Most writers wait for a funny bone to tingle before they settle down to get their writing assignments done. Some writers think they must be moved in some way so they can produce the creative stuff. Will your writing get done if you wait for the right inspiration?
I am not much of a fan to wait for that epiphany moment. Instead, I start writing, and then I motivate myself along the way.
One thing that I have realized is that emotional distractions will always be around to cloud your ability to perform. If you want to overcome those emotional distractions, you will have to do something about the original issue. That issue is EI. You will need to up your emotional intelligence so that emotions won’t hold you back or cause you to wait.
Get your head straight in the game, and do the tasks that you have at hand. You will find yourself along the way.
The only trick to do better at work is by staying positive and have fun doing what you do.
3) Channel Your Emotions the Right Way
You can’t control your emotions. They come and go as they please. However, when I tend to say, you can control your emotions, what I mean is how you can manage your feelings and your reaction to those emotions.

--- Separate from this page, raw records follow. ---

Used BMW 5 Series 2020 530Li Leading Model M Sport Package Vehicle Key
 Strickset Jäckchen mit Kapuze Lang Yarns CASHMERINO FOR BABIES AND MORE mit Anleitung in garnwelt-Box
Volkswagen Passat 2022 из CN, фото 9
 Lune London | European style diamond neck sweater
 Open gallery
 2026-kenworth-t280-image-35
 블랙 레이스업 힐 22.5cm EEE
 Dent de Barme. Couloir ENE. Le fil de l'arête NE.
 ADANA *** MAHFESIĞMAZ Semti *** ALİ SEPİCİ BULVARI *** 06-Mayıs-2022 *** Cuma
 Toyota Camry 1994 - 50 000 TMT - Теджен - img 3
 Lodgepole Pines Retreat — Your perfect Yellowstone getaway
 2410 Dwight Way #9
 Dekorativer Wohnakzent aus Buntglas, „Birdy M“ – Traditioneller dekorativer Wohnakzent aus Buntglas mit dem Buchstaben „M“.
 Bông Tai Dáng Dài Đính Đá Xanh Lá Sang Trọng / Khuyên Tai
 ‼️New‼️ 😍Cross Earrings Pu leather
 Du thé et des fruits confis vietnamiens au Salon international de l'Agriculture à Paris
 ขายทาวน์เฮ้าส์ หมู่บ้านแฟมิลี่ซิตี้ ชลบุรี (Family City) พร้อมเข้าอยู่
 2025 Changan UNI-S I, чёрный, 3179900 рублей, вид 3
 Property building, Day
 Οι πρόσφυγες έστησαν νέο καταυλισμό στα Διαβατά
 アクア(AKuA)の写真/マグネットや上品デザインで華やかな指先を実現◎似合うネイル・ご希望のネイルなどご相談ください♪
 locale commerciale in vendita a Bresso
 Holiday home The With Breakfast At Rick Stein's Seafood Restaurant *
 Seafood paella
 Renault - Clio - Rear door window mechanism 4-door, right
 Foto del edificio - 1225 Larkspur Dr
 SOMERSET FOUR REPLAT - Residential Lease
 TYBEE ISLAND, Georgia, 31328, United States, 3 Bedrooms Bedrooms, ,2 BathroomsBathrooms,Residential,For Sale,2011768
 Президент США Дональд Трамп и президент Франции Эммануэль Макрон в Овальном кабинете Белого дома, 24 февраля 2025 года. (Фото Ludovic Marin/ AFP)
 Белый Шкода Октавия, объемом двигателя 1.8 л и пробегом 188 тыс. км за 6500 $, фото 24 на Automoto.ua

Emotions are more of an indicator. They allow us to understand which tasks are worth paying attention to and which of them aren’t. For example, a file submission meeting deadline is of priority, and when we haven’t completed that file, we tend to feel a little worried about completing it on time.
The emotion of worry is what motivates us to complete it before the task meets the deadline.
Similarly, anger can be a destructive emotion. But depending on how you plan to react to that anger is what sets you apart from others. You can either choose it to do injustice or to simply stop injustice.
Joy can be a constructive emotion. You can either be devastated at the loss of someone, or find joy in what you had and remember that part. You can feel joy and satisfaction in helping someone with their problems.
Knowing how you channel your emotions is what sets you apart from the rest.
4) Understand Emotions in Other People As if They Are Your Own
So far, what we have discussed is focused on addressing emotion in one’s own self. But what about understanding what the other person feels? After all, the whole point of developing emotional intelligence is to create healthier relationships with others, so they feel comfortable in your presence.
When you empathize with someone, it doesn’t mean that you can understand them completely. Instead, it is all about accepting the individual and the way they are — even though you don’t understand them.
It’s about understanding their pain as your own pain. It’s about helping them or giving them space.
Because good relationships are what, after all, define values. It makes us realize we are something much more significant and less complex compared to what the society believes or expects from us.